Ausreden, Lügen und Hinhaltetaktik – die Mitarbeiter berichten von „mafiösen Strukturen“: „Es ist doch schon komisch. Hier wurde Misswirtschaft betrieben und keiner will es gewesen sein oder verantwortlich für diesen Scherbenhaufen sein. Der schwarze Peter wird sich nun gegenseitig in die Schuhe geschoben“, sagen sie. Obwohl sie bei ihrer damaligen Einstellung noch begeistert waren, vom ihnen vorgestellten Konzept. Im Nachhinein betrachtet eine tolle Idee, Kindern mit Übergewicht in einer solchen Einrichtung die Möglichkeit zu bieten, ihre Lebensgewohnheiten zu ändern. „Wir haben großartige Gehaltsstrukturen für eine erfüllende und wertvolle Aufgabe in einem tollen Kollegenteam angeboten bekommen“, erzählen die Mitarbeiter.

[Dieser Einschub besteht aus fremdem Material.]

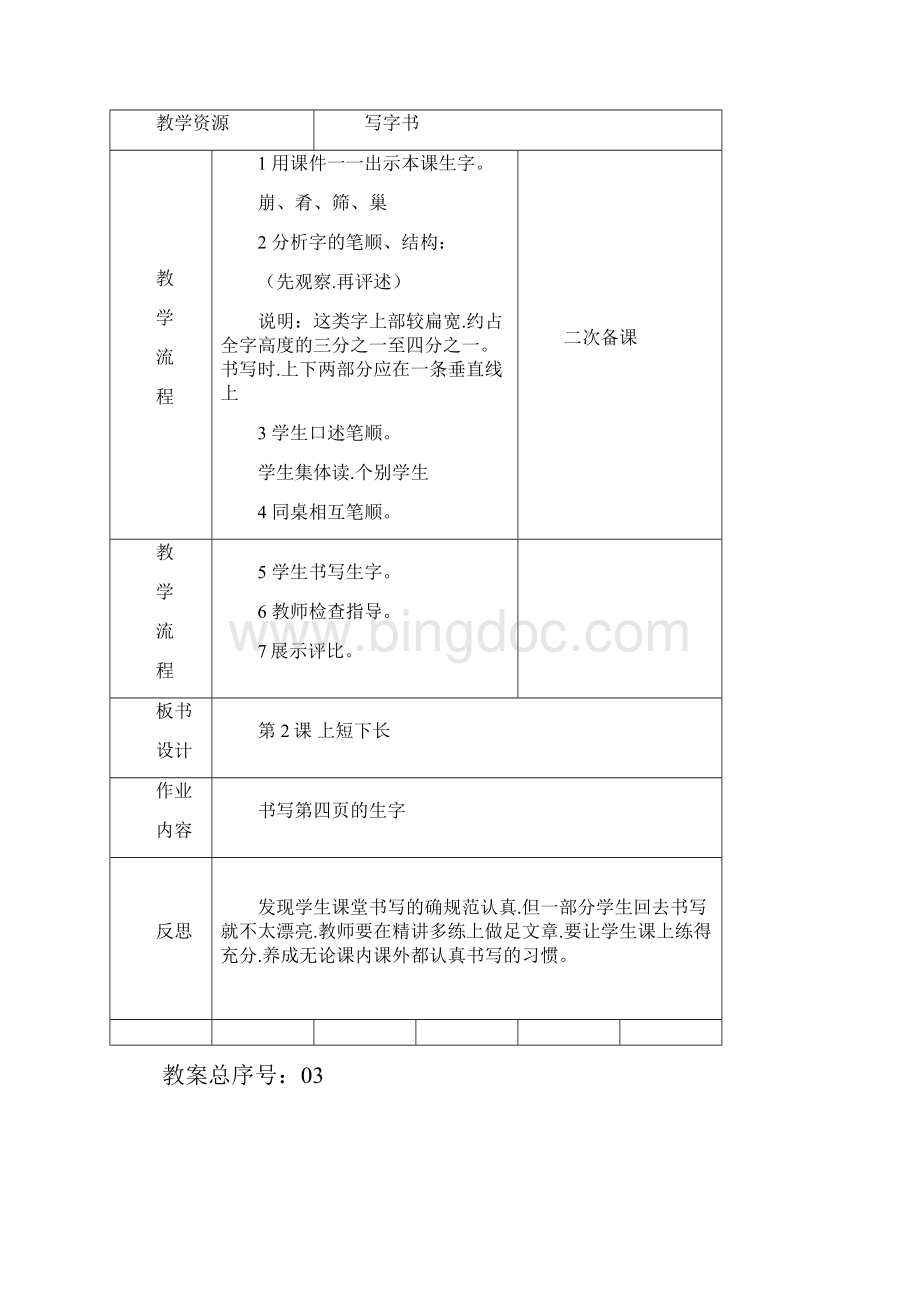 小学三年级下册书法教学设计全册Word文档格式.docx_第3页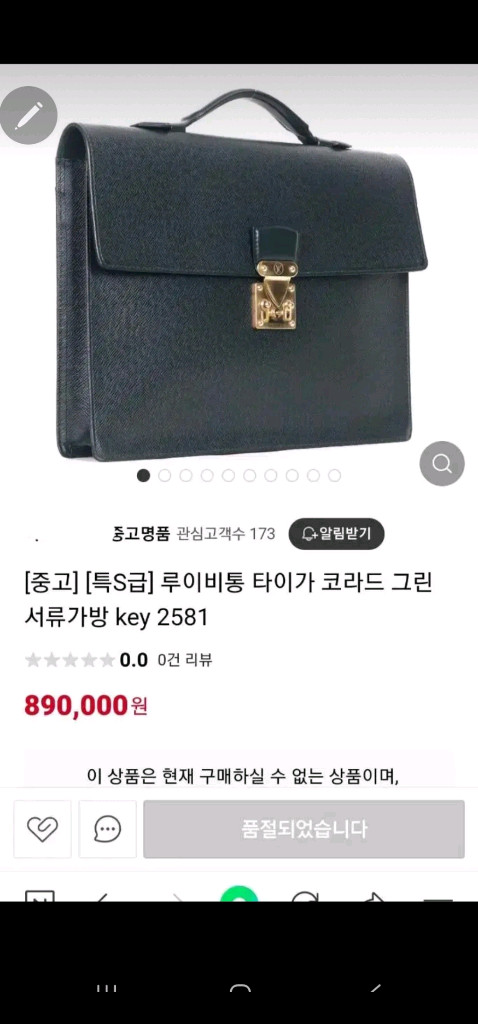 루이비통 자가드 크로스백/ 서류가방--3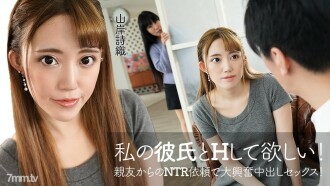 item.video_no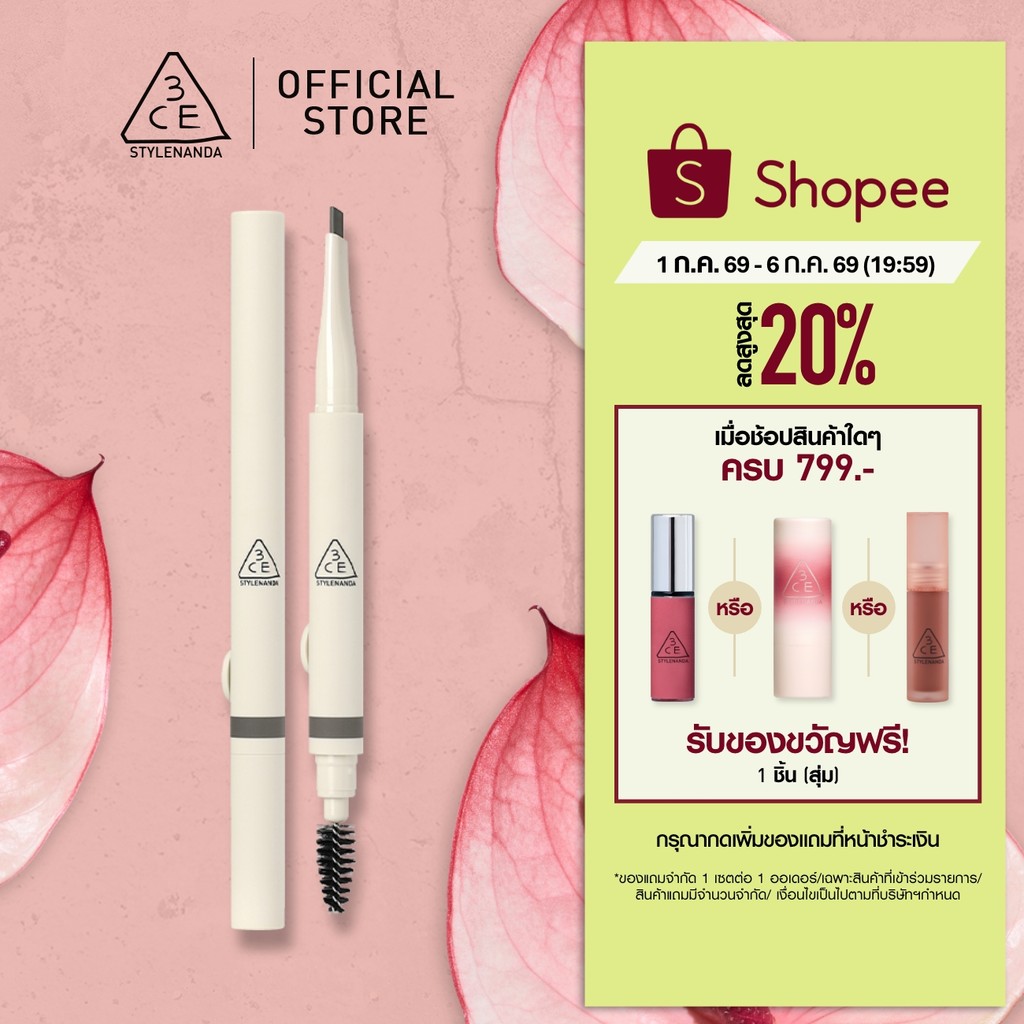 3CE Easy Brow Designing Pencil ทรีซีอี อีซี่ บราว ดีไซน์นิ่ง เพนซิล 0.13 กรัม (ดินสอเขียนคิ้ว)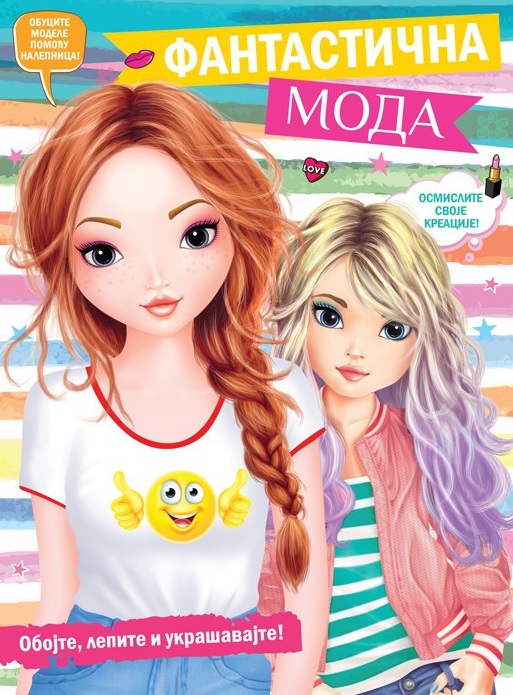 FANTASTIČNA MODA 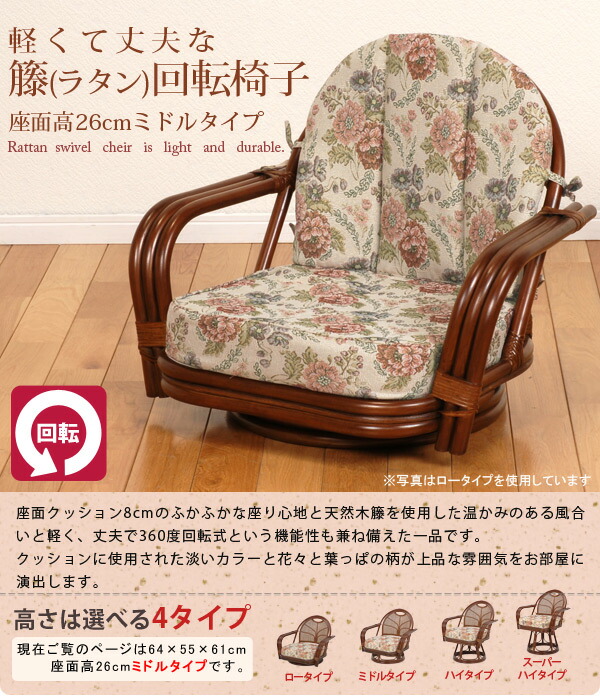楽天市場】【5%OFFクーポンあり☆3/1限定】籐回転椅子【ミドルタイプ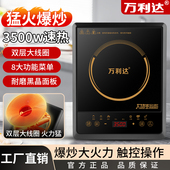 正品 万利达电磁炉家用3500W猛火炒菜节能防水电池炉学生宿舍2200W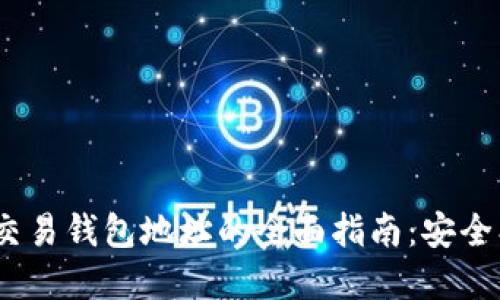 区块链OTC交易钱包地址的全面指南：安全、选择与使用
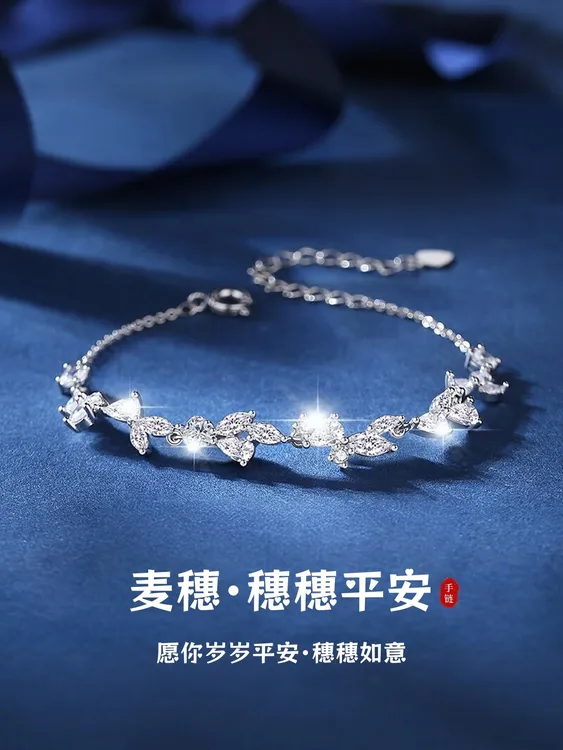 足银手链 穗穗平安手链轻奢气质百搭高级日常通勤生日礼物送女友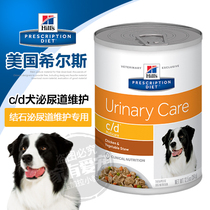 Hills c d urinary calculi dog canned urinary tract maintenance cd 354G (original imported fidelity) spot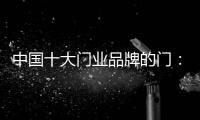 中国十大门业品牌的门
：用设计演绎个性时尚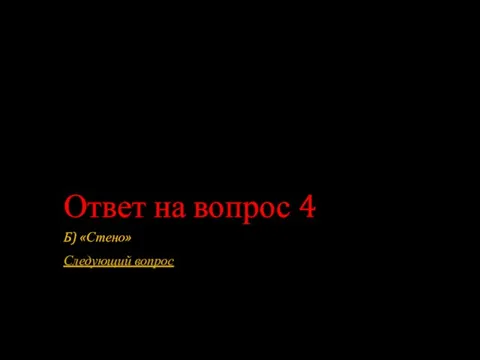 Ответ на вопрос 4 Б) «Стено» Следующий вопрос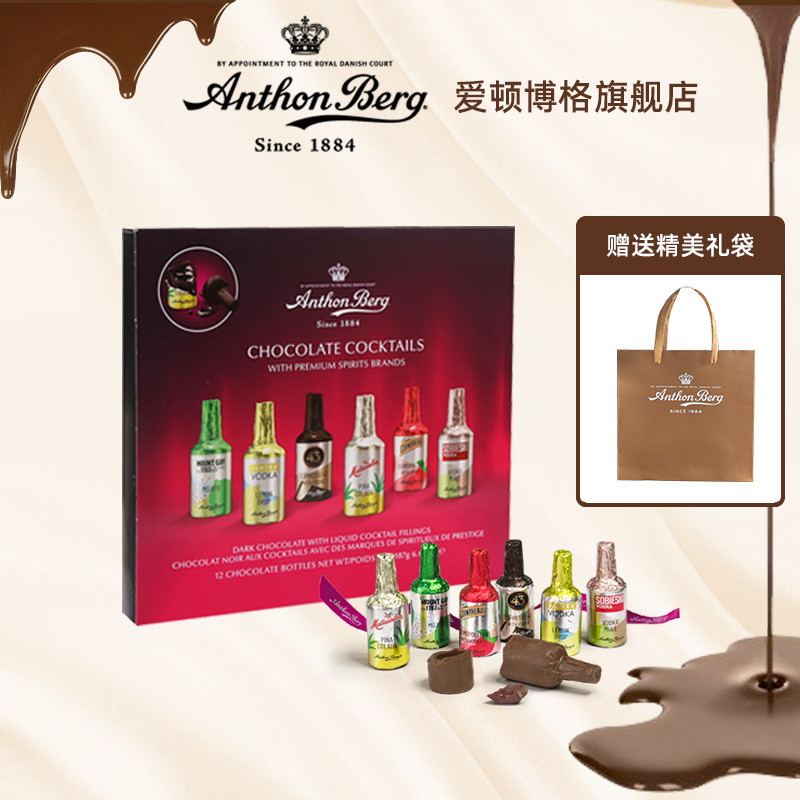 爱顿博格情人节鸡尾酒心黑巧克力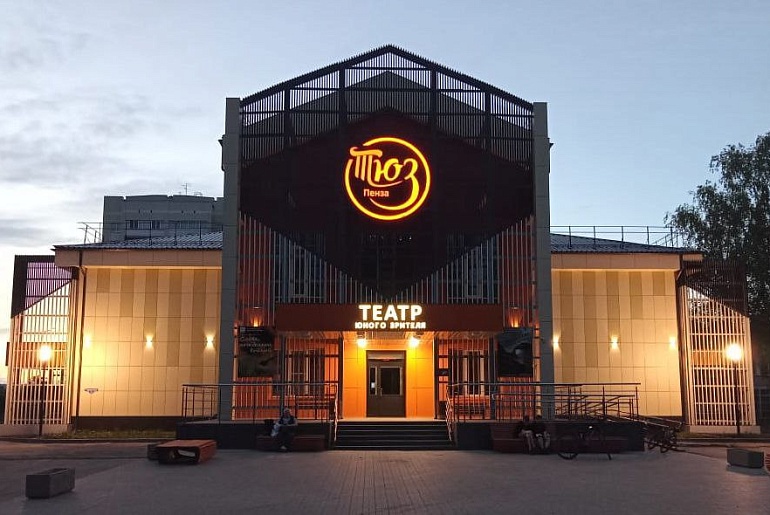 Пензенский театр юного зрителя 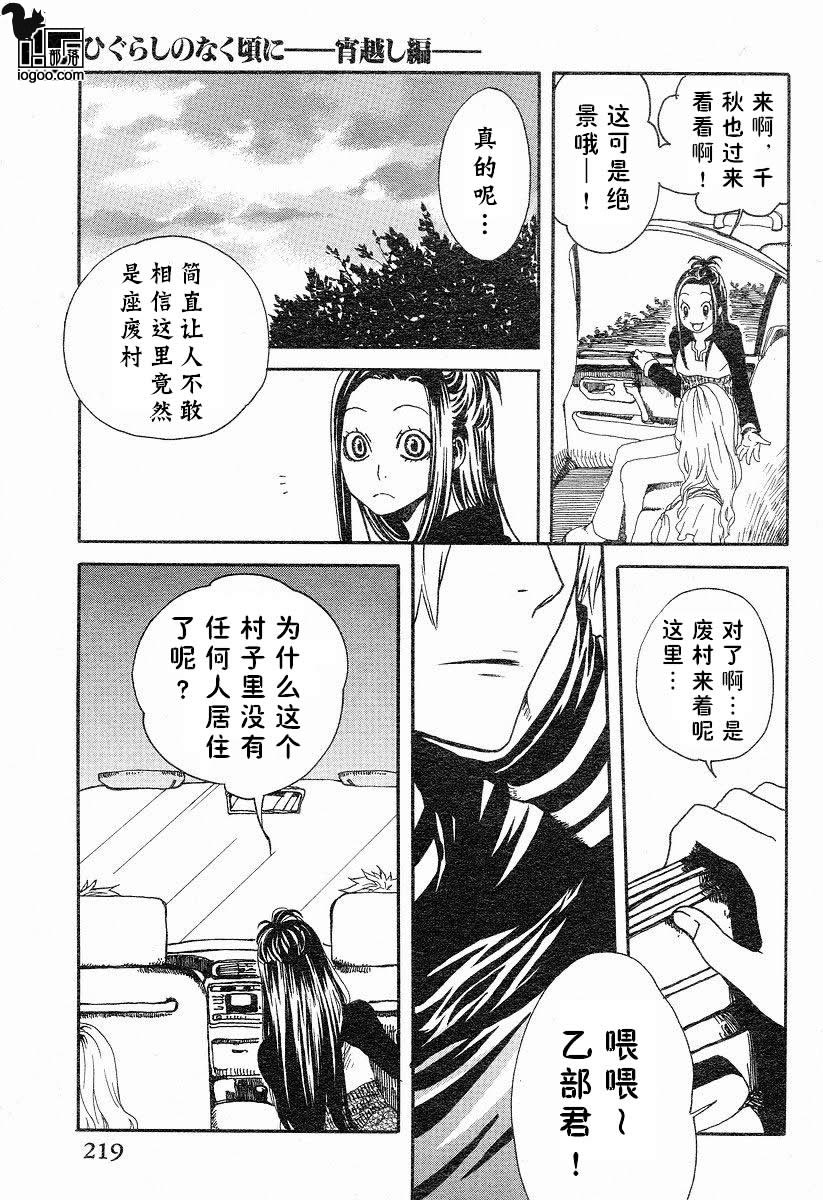 《寒蝉鸣泣之时-宵越篇》漫画最新章节第1话免费下拉式在线观看章节第【5】张图片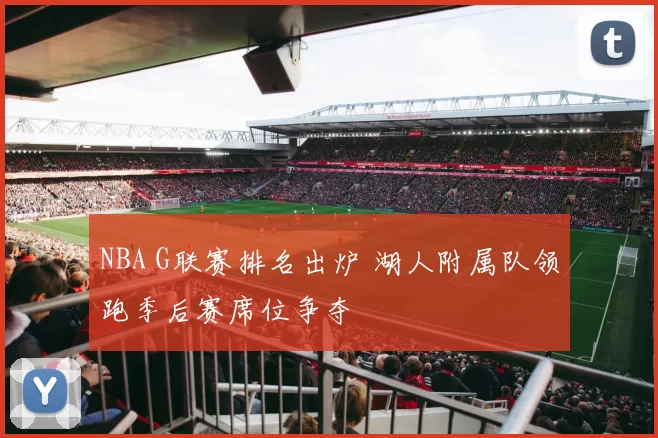 NBA G联赛排名出炉 湖人附属队领跑季后赛席位争夺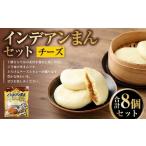 インデアンまん チーズ 8個セット 100g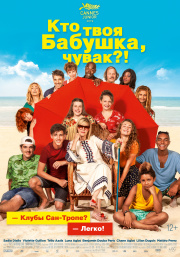 Кто Твоя Бабушка Чувак Фильм (2019) В Хорошем Качестве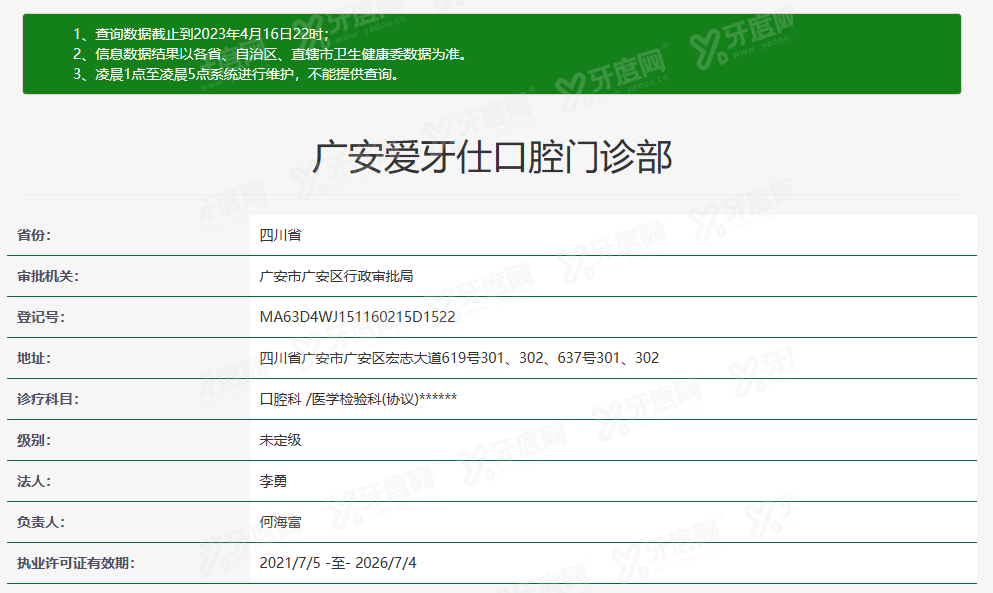 广安爱牙仕口腔医院www.yadoo.cn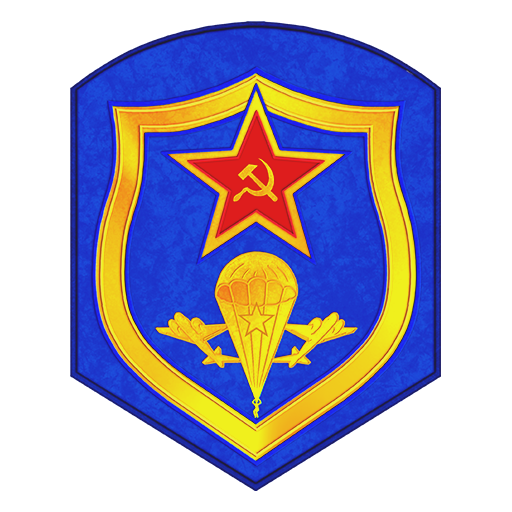 Декаль «Эмблема ВДВ СССР»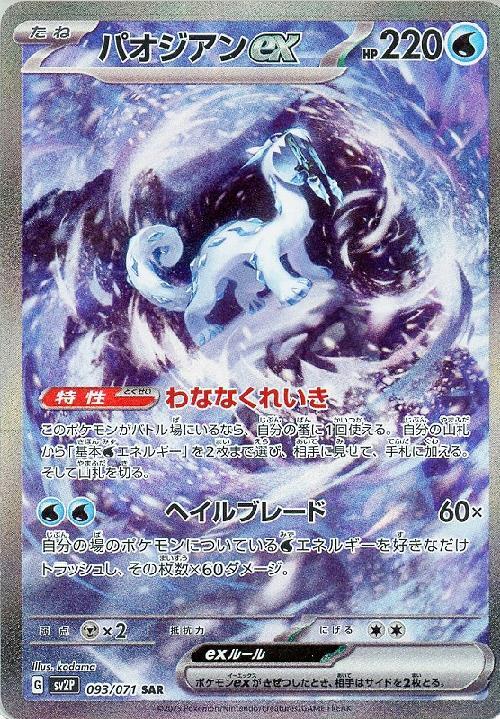 c-card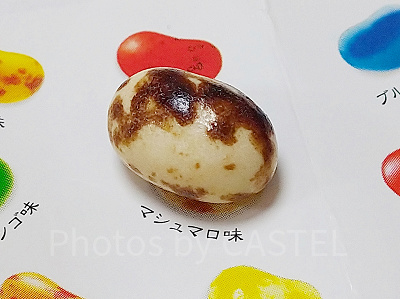 百味ビーンズ マシュマロ味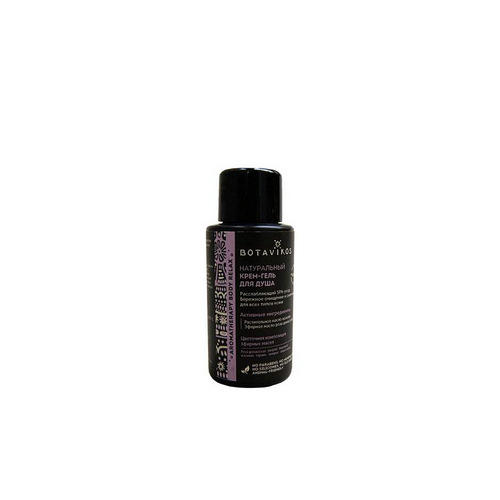 

Botavikos Крем-гель для душа "Aromatherapy body relax", мини формат, 50 мл (Botavikos, Для тела), Для тела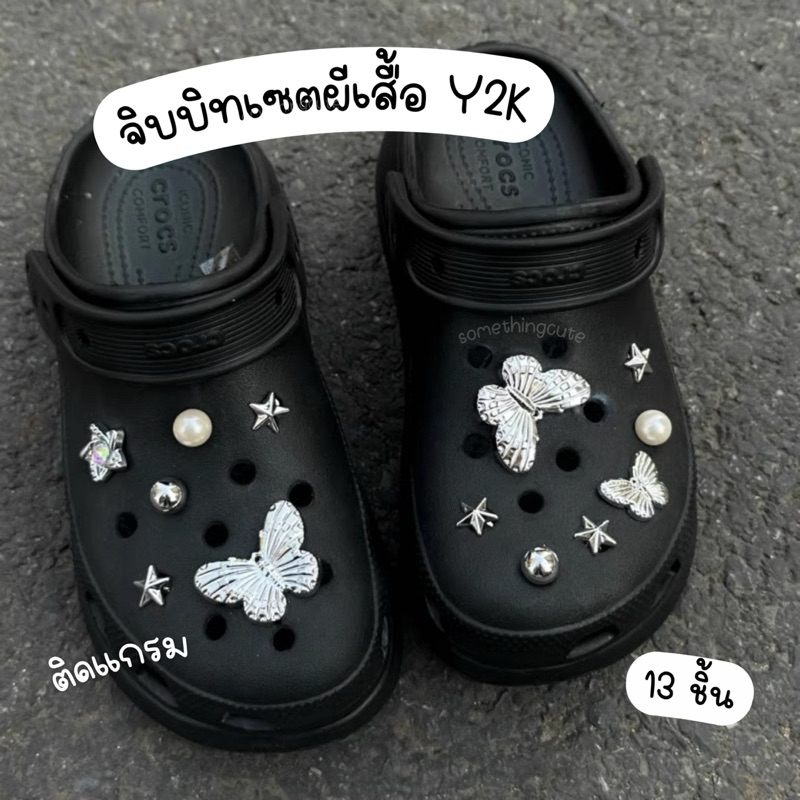 ส่งจากไทย 🦋 ตัวติดรองเท้าเซตผีเสื้อ ดาววิ้ง เซต 13 ชิ้น สีเงิน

Wir standen gefühlt mit einem Bein im Knast, wenn den Kindern etwas zugestoßen wäre.
Anonyme Mitarbeiter - Gesundheitscamp Kirchhundem

Doch so schleppend, wie der Start mit der Eröffnung des Camps lief – diese wurde mehrfach verschoben, fällt das Fazit des mittlerweile eingestellten oder ruhenden Betriebes aus – so recht weiß niemand, wie es für das Gesundheitscamp weitergeht. Schlechte Arbeitsbedingungen seien vorgefunden worden und es habe sich immer mehr herauskristallisiert, dass kein Geld für Investitionen da gewesen sei. So hätten Unternehmungen mit den Kindern abgesagt werden müssen, weil Transporter nicht betankt waren.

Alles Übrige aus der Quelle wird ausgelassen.